■ Recorded information:
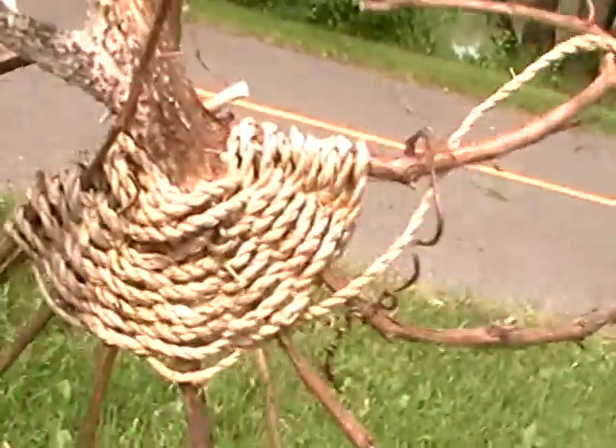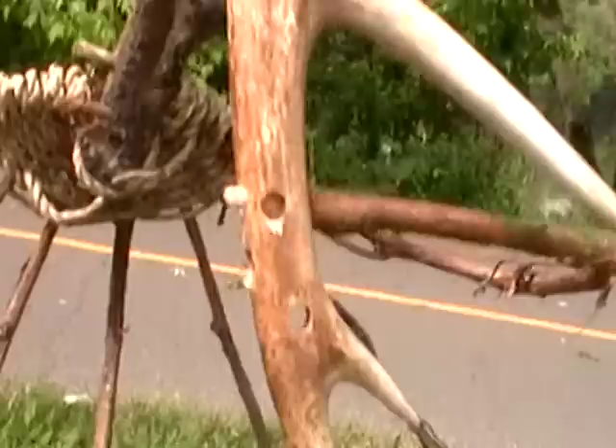So I'll finish winding this cord on there, and then I'll work on the other side. Maybe I'll finally get it going. And once I start, I'll be able to make antler baskets all the time.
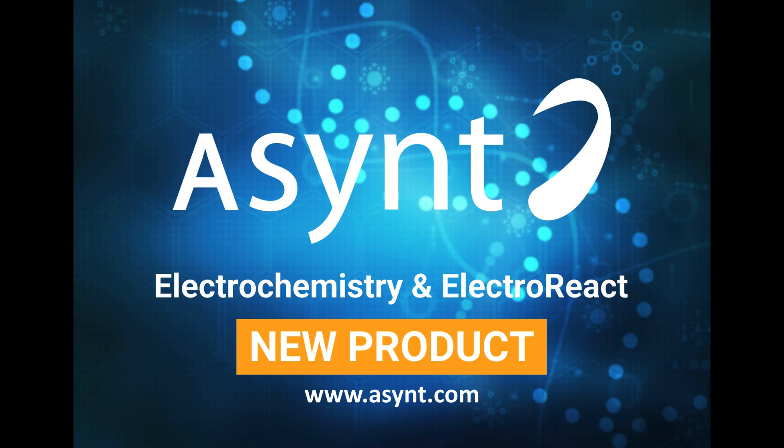ASIS are proud to be entering new markets with the ElectroReact electrochemistry platform, our first electrochemistry product. It was designed in collaboration with the University of Leeds here in England to overcome the challenges that they were facing in the lab.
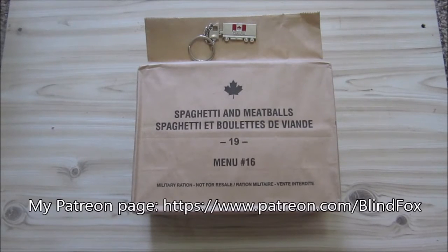Hey, this is BlindFox and welcome to my Ration Review. Please support the channel, please subscribe, and please go and donate on patreon.com.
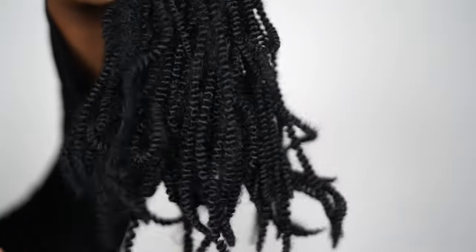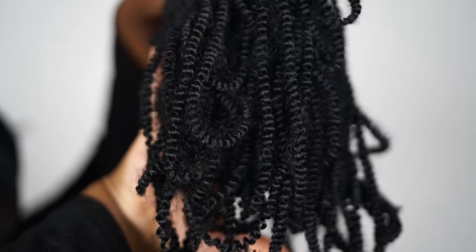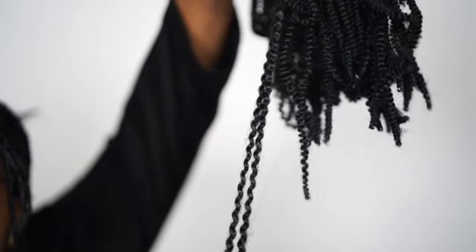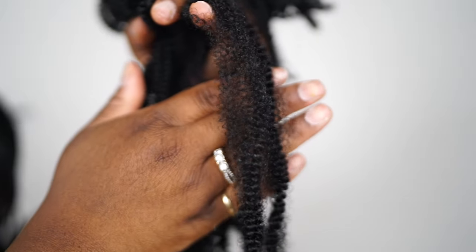I like to wrap with spring twist because it gives the best look — it looks very authentic, not overly silky, and still has a nice texture. You definitely want to wrap with spring twist hair. Don't use passion twist hair to wrap your locks. You also want to have human hair.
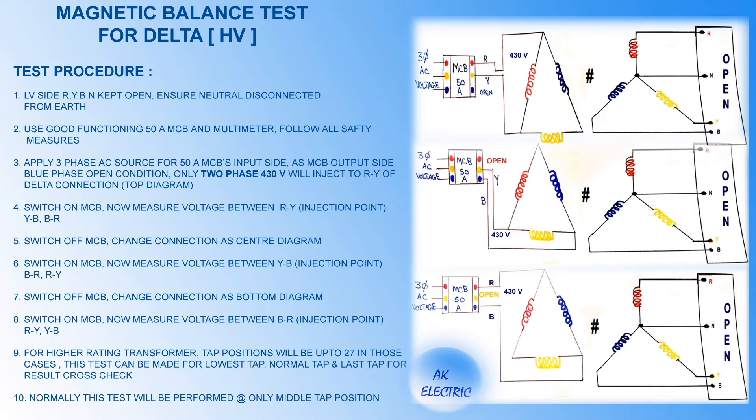Switch on the MCB. Now measure voltage between RY, YB, and BR. Here RY is the injection point.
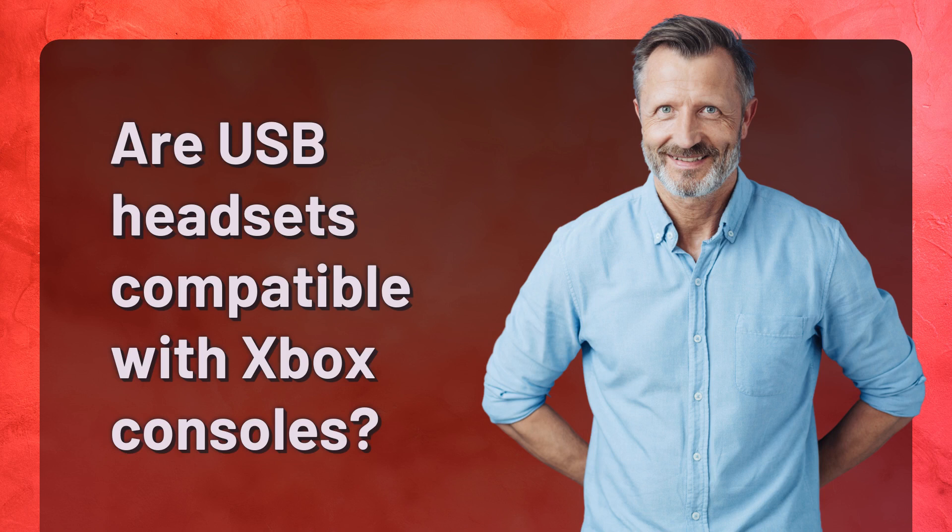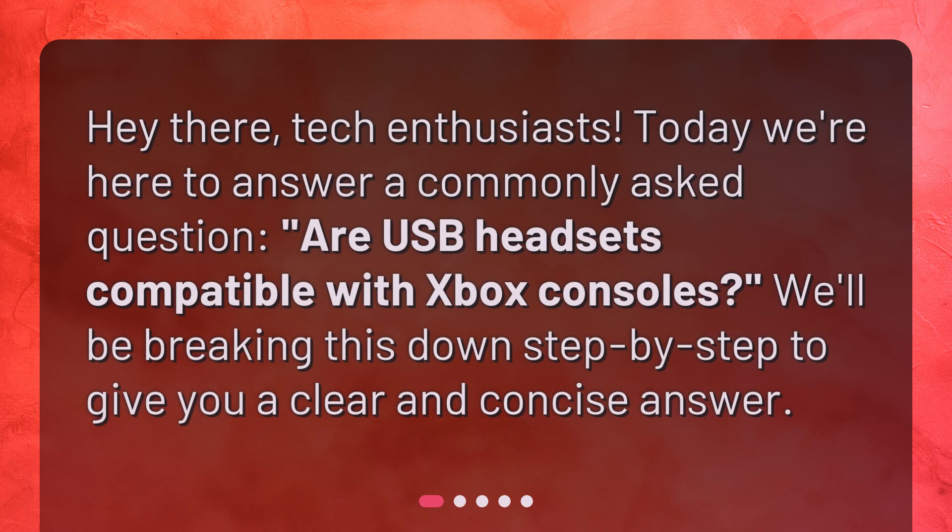Are USB headsets compatible with Xbox consoles? Hey there, tech enthusiasts! Today we're here to answer a commonly asked question: are USB headsets compatible with Xbox consoles? We'll be breaking this down step by step to give you a clear and concise answer.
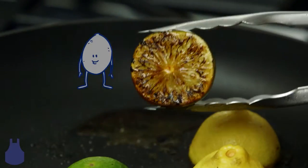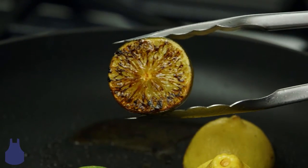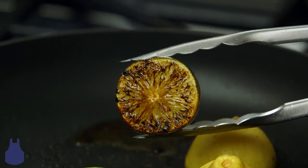Cook it until it gets brown and charred looking. This technique will lend your citrus a complex flavor, and the heat will make it easier to squeeze over your favorite dish.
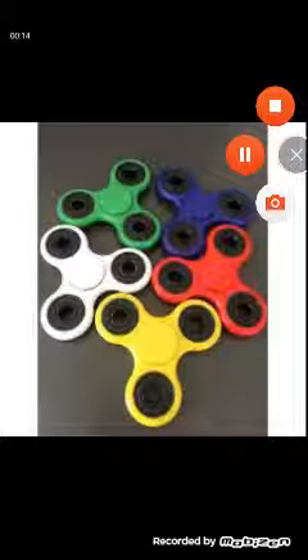They cost a little bit of money, and I'm going to show you guys how to make your own. They're gonna look like this.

■ Exercise requirements: Exactly as written, repeat the lines of the material above from the first through the line holding "Hey, this is", with both ends in the copy and no pictures.

■ Exercise output:
So I'll finish winding this cord on there, and then I'll work on the other side. Maybe I'll finally get it going. And once I start, I'll be able to make antler baskets all the time.
ASIS are proud to be entering new markets with the ElectroReact electrochemistry platform, our first electrochemistry product. It was designed in collaboration with the University of Leeds here in England to overcome the challenges that they were facing in the lab.
Hey, this is BlindFox and welcome to my Ration Review. Please support the channel, please subscribe, and please go and donate on patreon.com.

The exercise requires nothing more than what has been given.